In my last project I stumbled on the problem of having to process enormous amounts of data which did not fit in memory. Obviously that means that I have to process smaller chunks and stream the data. But I did have a hard time of doing that while keeping the code clean and well readable.
In my frustration I looked around and was pointed towards the way NodeJS uses streams and that the approach might be what is missing for my app — even if it is a monolithic Swift app. So I gave it a shot to see if copying their implementation would resolve my problems. Here’s what I found.
I divided this article into the following sections:
- The problem: Performing multiple asynchronous processing steps on a chunk
- How NOT to do it: The naïve and easy approach of processing data chunks
- How to use NodeJS’ stream pattern
- Reflecting: Is this actually a good idea?
The problem: Performing multiple asynchronous processing steps on a chunk
The scenario I am working on is a video processing application. I need to read all frames, process some with an asynchronous routine on the gpu, create a video based on the result of the routine, combine all smaller videos into a new video.
To make this a little more complicate, I also need to carry the audio for all the frames in the new video and I am not guaranteed that the frames are read in order.
How NOT to do it: The naïve and easy approach of processing data chunks
The first solution that might come to your mind, and the first one I tried, was to just create an array, read all frames into the array and process the frames from there. That way I can define an upper limit on the array and only read in new frames if there is room left. Once a frame is processed I can remove it from the array and the next frame can be added.
Here is the code if you are interested:
The first thing I notice, when I see the code, is that the logical process order is not the same as the order of processing steps in the code. Here is the code order and I added a number to indicate the logical order of each step: 4. Clean data, 5. Write data, 1. Read data, 2. Sort data and 3. Analyze data
There is a reason for the steps to appear in the code in their current order. Namely, you will want to make sure that you can write as much data to your output so that you can read in new frames. So step 5. Writing data goes above step 1. Loading data. But to be able to write the data you need to filter out all frames which should not be part of the output. So step 4. Clean data needs to happen before step 5. Writing data.
The second problem is that some of the processing steps are hidden by control flow. That is the case for steps 1. Read data through step 3. Analyze data.
Finally, this code will lead to a lot of busy waiting since you need to walk through the entire queue in every iteration to see which data needs to be filtered. This is due to the fact that you cannot guarantee that an analyzed frame can be written right after being analyzed. As a result, there might be quit a few frames in the array which still need to be written but have already been passed through the filter.

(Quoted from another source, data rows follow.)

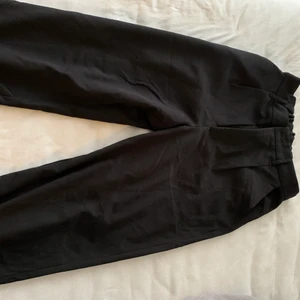 Svarta kostymbyxor  - Superfina kostymbyxor, väldigt baggy i benen o fina i längden på mig som e 173.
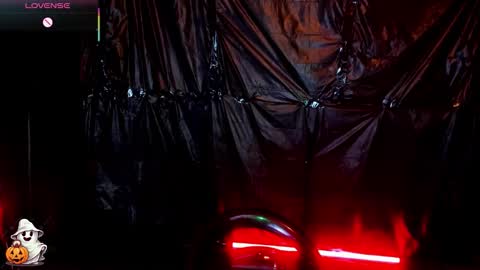 Snapshot of pamelaascott chatting on October 16, 10:33 pm  P A M  online show from October 16, 10:33 pm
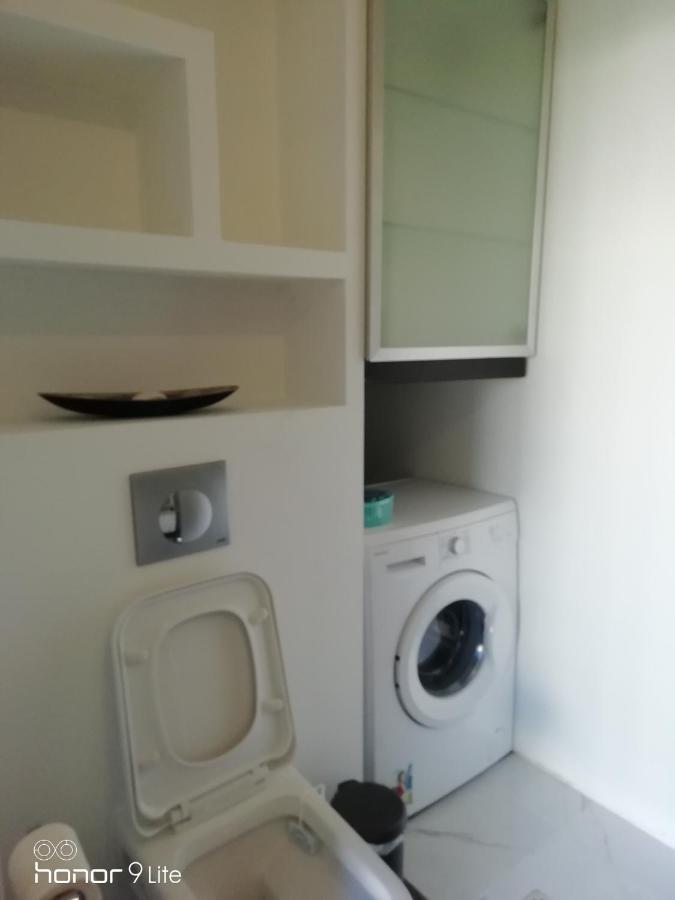 Myron Apartments Atene Esterno foto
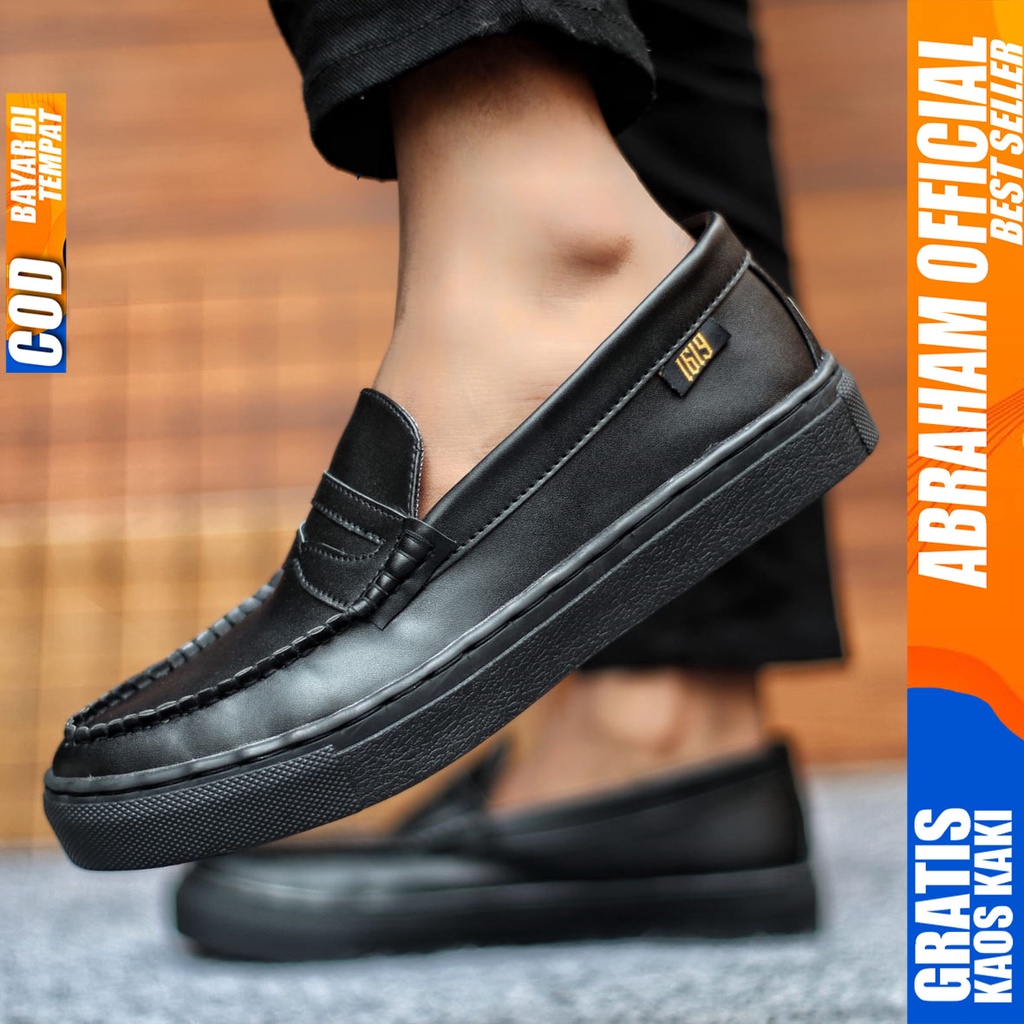 Sepatu Slip On Pria Sepatu Casual Pria Formal Kulit Pu Sepatu Pantofel Kerja Kantor Kuliah Kondangan Sepatu Slop Pria Sepatu Hitam Pria TRAVIS ABRAHAM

Summing up, this naïve implementation results in the code order of processing steps being different than the logical order, processing steps are hidden by control flow and a lot of busy waiting might happen to process the data.
How to use NodeJS’ stream pattern
NodeJS’ streams are implemented in a combination of a push and pull flow. A stream producer starts producing elements once a subscriber registers itself. Once started, the producer passes a message to the subscriber. The subscriber then tells the producer if it wants more messages. Once the subscriber is filled up, it will ask the subscriber to stop producing messages, thereby ending the push piece of the flow.

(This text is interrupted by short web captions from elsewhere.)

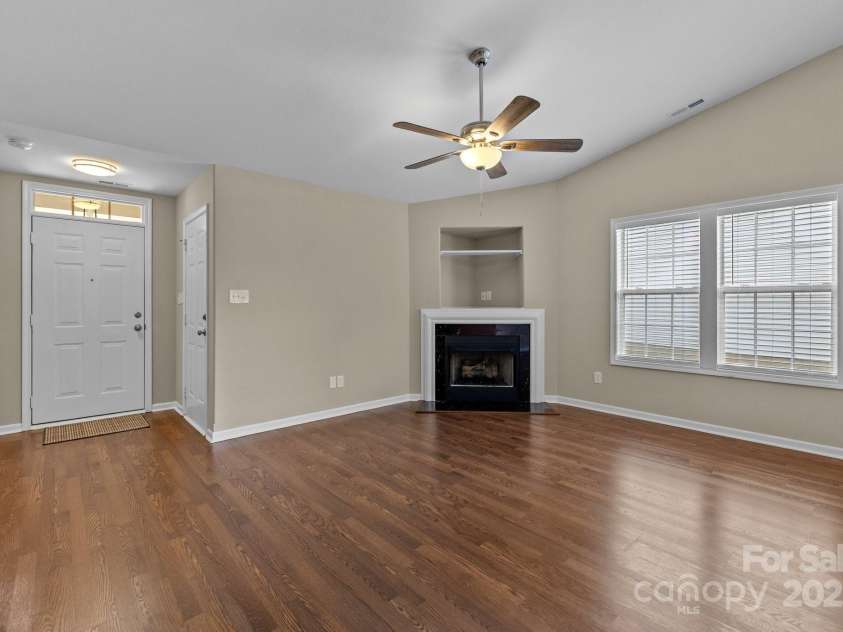 2618 Oasis Lane, Charlotte, NC 28214.  MLS# CAR4283938, YatesRealty ID 30335. 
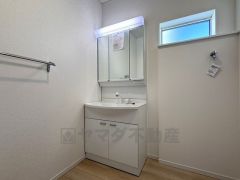 三面鏡裏収納付き洗面化粧台です＾＾ 歯磨きセットやスキンケア用品などの収納に便利ですね。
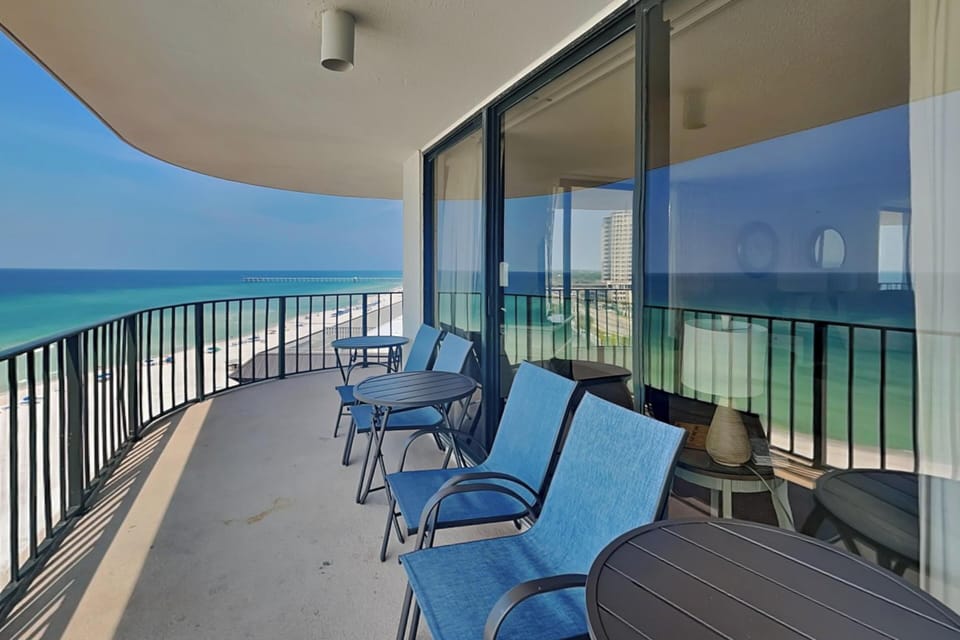 Welcome to Edgewater Tower II #912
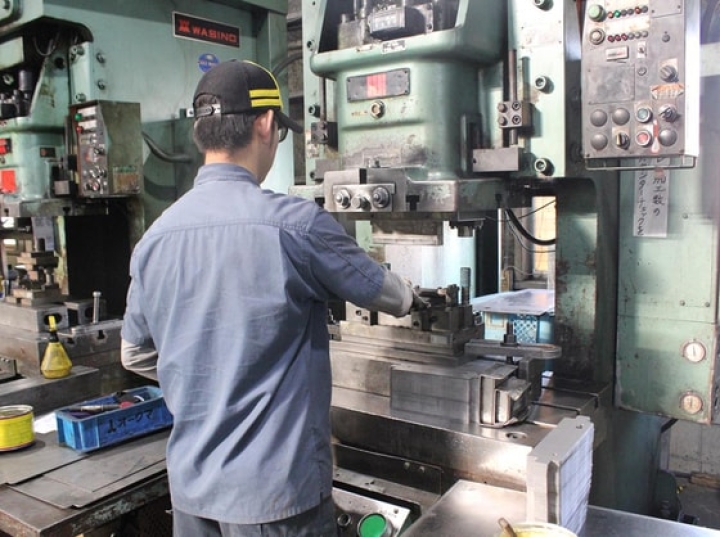 NAM CÔNG XƯỞNG TOKYO – LCB 205.000 YÊN/THÁNG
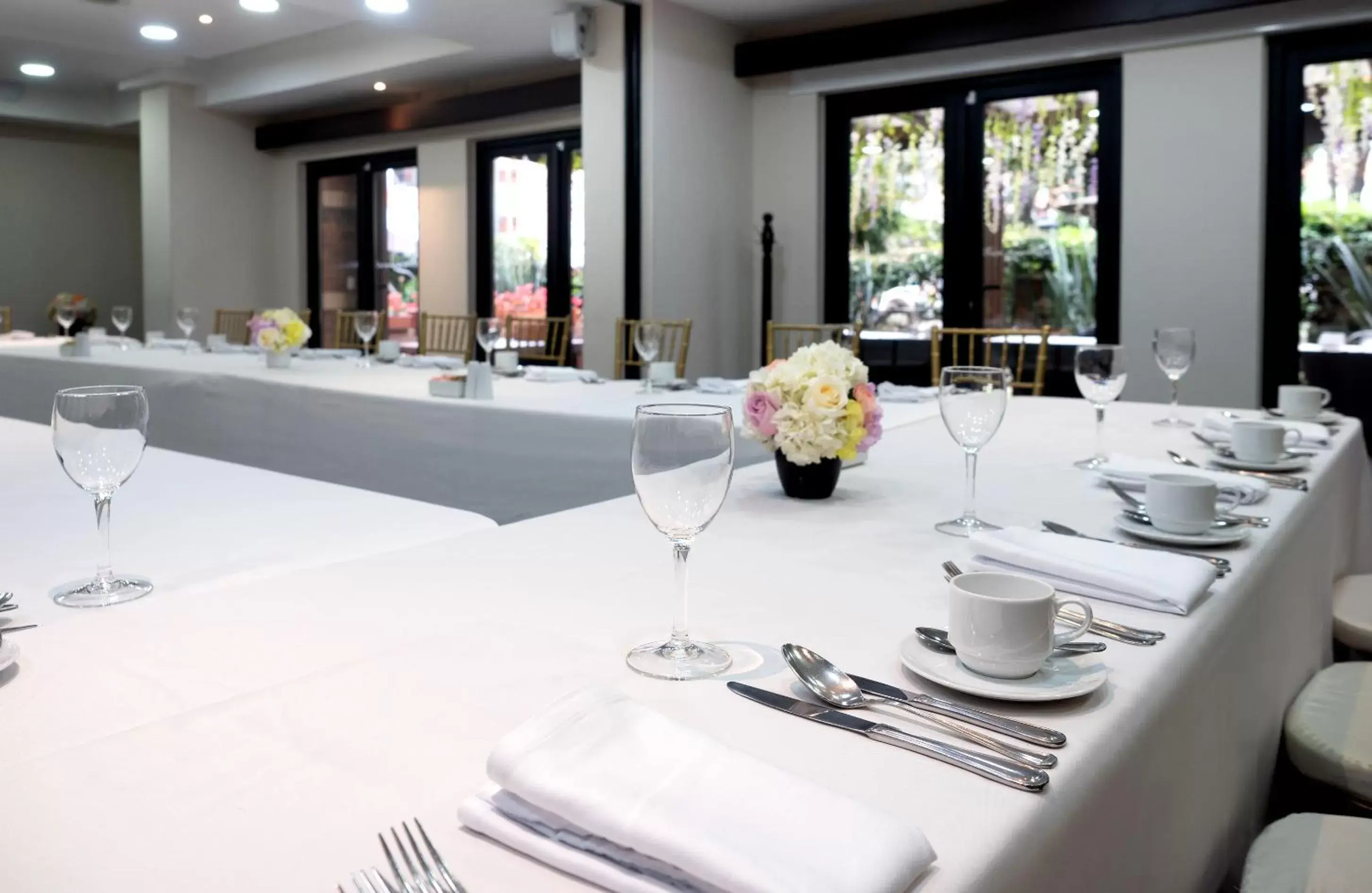 Banquet/Function facilities, Restaurant/Places to Eat in Hotel 101 Park House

When the subscriber is ready to receive elements again, it calls a continue method on the producer which will then start emitting messages until the subscriber is filled up again. This allows the stream to deal with back pressure in your system and in my case allows me to keep the memory usage under control.
In case of a finite producer, the producer ends the stream with a complete message signaling all its subscribers that the stream finished.
With the concept out of the way, let’s look at the code for a producer: (I will not include the complete message in the code since you can imagine a complete method on the subscriber. There is no magic there.)
As you can see the producer sends — in my case — frames to the subscriber and the subscriber returns whether or not the producer can send more messages. In this implementation the producer provides a callback to the subscriber with every event. It is the subscriber’s responsibility to save the callback if it wants to able to restart the producer.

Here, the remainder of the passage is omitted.